▶ Material for the task:
● ● ● ● ●

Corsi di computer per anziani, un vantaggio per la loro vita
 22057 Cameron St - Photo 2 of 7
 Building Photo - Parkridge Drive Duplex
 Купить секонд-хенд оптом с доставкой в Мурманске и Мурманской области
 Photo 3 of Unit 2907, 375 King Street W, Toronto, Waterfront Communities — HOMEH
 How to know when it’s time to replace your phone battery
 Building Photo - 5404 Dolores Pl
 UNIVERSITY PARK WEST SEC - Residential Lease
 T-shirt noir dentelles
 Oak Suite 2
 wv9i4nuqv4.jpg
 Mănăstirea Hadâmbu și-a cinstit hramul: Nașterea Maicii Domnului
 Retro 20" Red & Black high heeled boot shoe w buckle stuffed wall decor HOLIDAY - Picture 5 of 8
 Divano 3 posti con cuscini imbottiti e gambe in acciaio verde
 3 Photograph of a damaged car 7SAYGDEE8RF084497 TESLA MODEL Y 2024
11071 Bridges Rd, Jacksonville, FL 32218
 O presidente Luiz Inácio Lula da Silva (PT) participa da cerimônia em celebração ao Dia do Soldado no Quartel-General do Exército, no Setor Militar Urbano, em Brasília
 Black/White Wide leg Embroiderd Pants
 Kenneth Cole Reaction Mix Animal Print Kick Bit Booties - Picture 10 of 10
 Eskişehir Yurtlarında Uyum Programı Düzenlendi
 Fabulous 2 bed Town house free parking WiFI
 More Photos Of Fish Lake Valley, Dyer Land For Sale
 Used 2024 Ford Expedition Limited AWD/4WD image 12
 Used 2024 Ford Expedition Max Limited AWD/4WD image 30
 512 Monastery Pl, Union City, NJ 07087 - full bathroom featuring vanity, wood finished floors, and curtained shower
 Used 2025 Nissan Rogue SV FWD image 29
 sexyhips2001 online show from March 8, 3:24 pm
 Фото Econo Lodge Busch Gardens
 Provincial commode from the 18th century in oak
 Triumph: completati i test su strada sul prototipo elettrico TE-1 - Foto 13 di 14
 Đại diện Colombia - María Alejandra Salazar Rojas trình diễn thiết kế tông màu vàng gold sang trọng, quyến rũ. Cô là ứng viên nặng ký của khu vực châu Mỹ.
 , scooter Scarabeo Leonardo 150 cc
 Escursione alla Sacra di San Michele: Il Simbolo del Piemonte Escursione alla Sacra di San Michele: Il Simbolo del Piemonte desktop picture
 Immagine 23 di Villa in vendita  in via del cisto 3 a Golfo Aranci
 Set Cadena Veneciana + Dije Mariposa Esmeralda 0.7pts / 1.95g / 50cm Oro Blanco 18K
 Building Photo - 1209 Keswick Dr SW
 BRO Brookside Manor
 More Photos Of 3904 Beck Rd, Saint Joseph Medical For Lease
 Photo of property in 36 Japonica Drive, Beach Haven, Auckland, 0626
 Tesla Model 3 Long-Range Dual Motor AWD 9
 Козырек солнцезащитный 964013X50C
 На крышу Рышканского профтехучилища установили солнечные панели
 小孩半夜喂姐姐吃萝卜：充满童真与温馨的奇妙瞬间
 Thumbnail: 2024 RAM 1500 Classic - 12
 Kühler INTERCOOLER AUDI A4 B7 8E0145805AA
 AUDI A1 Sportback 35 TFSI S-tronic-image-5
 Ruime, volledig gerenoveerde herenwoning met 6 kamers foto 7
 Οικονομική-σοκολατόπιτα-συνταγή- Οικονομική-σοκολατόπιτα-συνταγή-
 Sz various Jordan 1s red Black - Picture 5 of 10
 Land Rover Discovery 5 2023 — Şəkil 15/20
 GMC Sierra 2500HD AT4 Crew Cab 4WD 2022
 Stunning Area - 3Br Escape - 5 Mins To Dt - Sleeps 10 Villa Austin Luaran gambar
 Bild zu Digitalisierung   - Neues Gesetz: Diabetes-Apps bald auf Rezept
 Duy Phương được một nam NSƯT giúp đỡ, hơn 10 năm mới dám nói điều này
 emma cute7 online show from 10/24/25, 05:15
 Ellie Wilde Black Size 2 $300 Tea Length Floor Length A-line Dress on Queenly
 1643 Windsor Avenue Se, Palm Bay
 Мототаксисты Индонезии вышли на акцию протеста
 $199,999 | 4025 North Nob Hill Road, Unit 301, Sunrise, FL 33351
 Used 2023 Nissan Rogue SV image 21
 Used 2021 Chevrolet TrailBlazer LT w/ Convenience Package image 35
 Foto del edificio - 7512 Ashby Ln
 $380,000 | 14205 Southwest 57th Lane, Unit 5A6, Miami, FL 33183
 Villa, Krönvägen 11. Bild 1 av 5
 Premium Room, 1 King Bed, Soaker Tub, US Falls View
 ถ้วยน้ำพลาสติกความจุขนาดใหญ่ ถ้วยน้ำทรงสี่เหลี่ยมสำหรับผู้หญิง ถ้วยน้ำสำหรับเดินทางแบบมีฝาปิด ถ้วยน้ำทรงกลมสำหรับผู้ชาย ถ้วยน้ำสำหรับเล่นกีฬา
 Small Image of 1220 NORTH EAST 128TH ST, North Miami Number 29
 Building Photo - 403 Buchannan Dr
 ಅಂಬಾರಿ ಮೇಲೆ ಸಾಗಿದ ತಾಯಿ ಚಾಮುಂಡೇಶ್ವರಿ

● ● ● ● ●

▶ Problem to solve:
Look above for the line containing "wv9i4nuqv4.jpg". Output from there through the line containing "Black/White Wide leg Embroiderd Pants", exactly and inclusively.

▶ Answer area:
 wv9i4nuqv4.jpg
 Mănăstirea Hadâmbu și-a cinstit hramul: Nașterea Maicii Domnului
 Retro 20" Red & Black high heeled boot shoe w buckle stuffed wall decor HOLIDAY - Picture 5 of 8
 Divano 3 posti con cuscini imbottiti e gambe in acciaio verde
 3 Photograph of a damaged car 7SAYGDEE8RF084497 TESLA MODEL Y 2024
11071 Bridges Rd, Jacksonville, FL 32218
 O presidente Luiz Inácio Lula da Silva (PT) participa da cerimônia em celebração ao Dia do Soldado no Quartel-General do Exército, no Setor Militar Urbano, em Brasília
 Black/White Wide leg Embroiderd Pants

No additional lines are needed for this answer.